Centralized federal oversight sounds good, but what about squabbles between separate federal agencies?
Some cite California's notorious "Path 15" as an example of how transmission bottlenecks can stifle electricity competition, but the problem extends beyond the West Coast. In reality, TLR events (transmission loading relief) rose significantly across the country in 2000, compared to the previous three years. ()
In the upper Midwest, Wisconsin Governor Scott McCallum released a report in June that underscored his state's unique electricity geography and its vulnerability to a weak transmission infrastructure. As explained in the report (), the state resembles an isolated transmission "peninsula," as it is nestled between two Great Lakes. It also straddles the dividing line between two regional reliability regions, the Mid-Continent Area Power Pool (MAPP) and the Mid-Area Interconnected Network (MAIN), that are linked only by one major line. So Wisconsin Public Service Corp. and Minnesota Power Inc. have been at work to link the two regions with a new line.

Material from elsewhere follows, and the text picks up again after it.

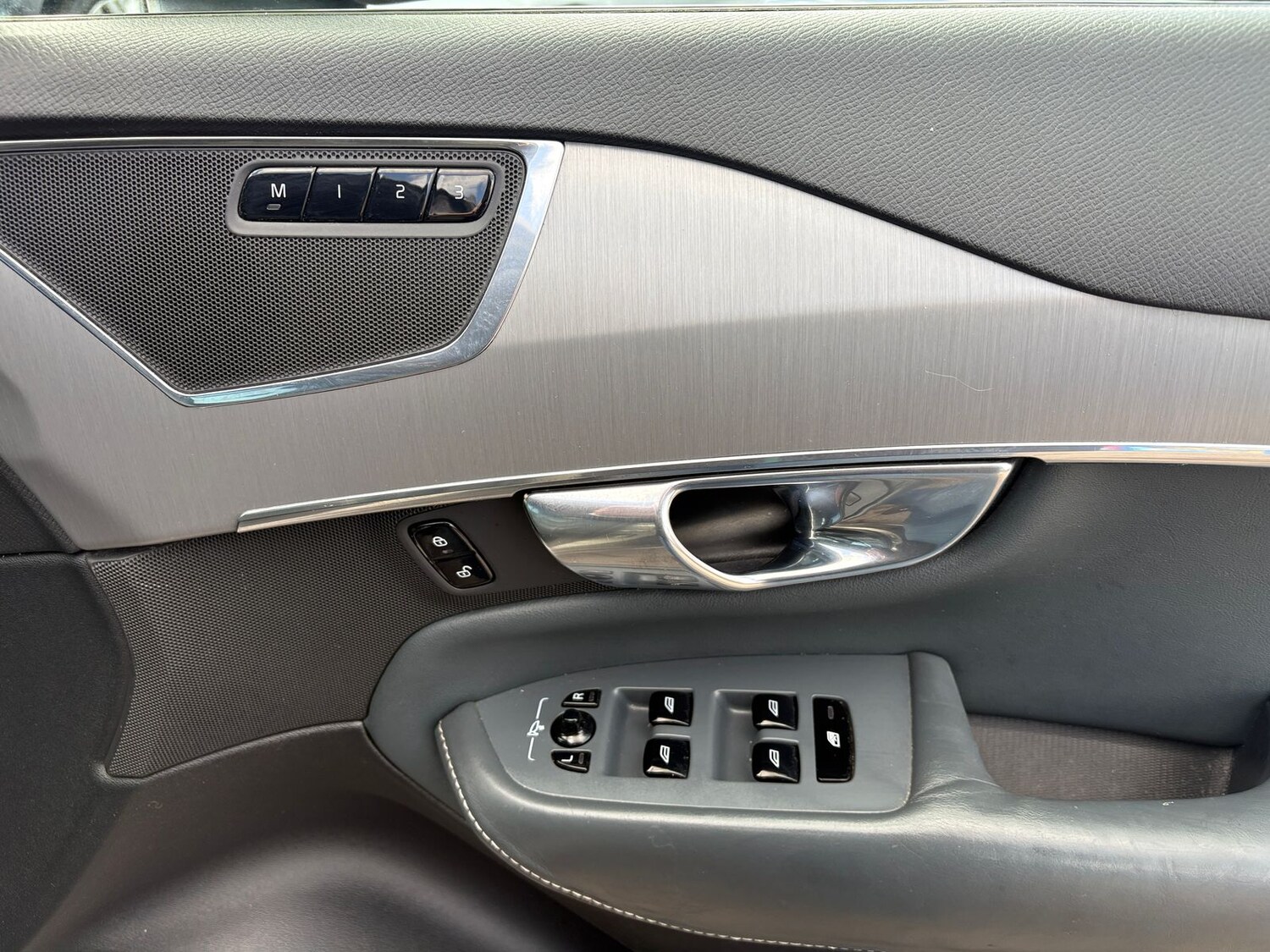 Used Volvo XC90 2020 for sale - 78022641: Photo 18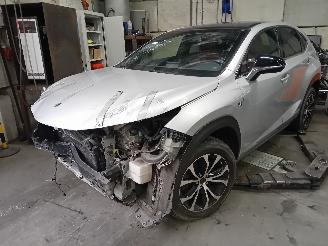 skadebil auto Lexus NX NX I (Z1) SUV 300h 2.5 16V 4x4 (2ARFXE) [145kW]  (07-2014/...) 2016/3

Further to the east, American Electric Power (AEP) has spent a decade trying to certify a new a 765-kilovolt (kV) line to link southern West Virginia with southwestern Virginia. That project finally won approval last May from the Virginia State Corporation Commission. And in California, Pacific Gas & Electric Co. and the state's Independent System Operator (ISO) have set 2004 as a target date for completion of upgrades to Path 15.
These three examples help show why political momentum has grown for federal action to simplify the process of transmission line siting and certification. President Bush's proposed national energy policy, released last spring, calls for a "national grid." Yet these examples also show that the problem is not so simple to solve.
First, the electric utility industry began its TLR program only several years ago, so a long history of data is not yet available. Also, TLR events can fluctuate with the weather and with market price behavior, making such events perhaps not entirely reliable as an indicator of transmission performance. Second, it remains difficult to evaluate need for grid expansions or to put a value on the worth of grid upgrades, since decisions are made locally, while the cost-benefit equation takes on a regional character. Finally, as shown by AEP's experience in southwest Virginia, transmission owners may not be altogether uncomfortable with the idea of the states retaining decision-making over the certification of transmission lines.
TLRs: An Evolving Metric
Figure 2 shows how the number of TLR events rose last year more or less across the board for security coordinators. AEP, in its role as security coordinator for ECAR (East Central Area Reliability Coordination Agreement), led the pack with the most TLRs declared in 2000. (The statistic represents 13 control areas within the ECAR region, and not just AEP's company-specific area.)
Note, however, that TLR events can fluctuate significantly from year to year, depending on weather in the various regions. Says Scott Moore, vice president, transmission operations at AEP, "A lot of TLRs are dependent upon where the markets are at any given time. ... Last year [for example], the flows were quite abnormal to what we had seen historically. This year they're more typical."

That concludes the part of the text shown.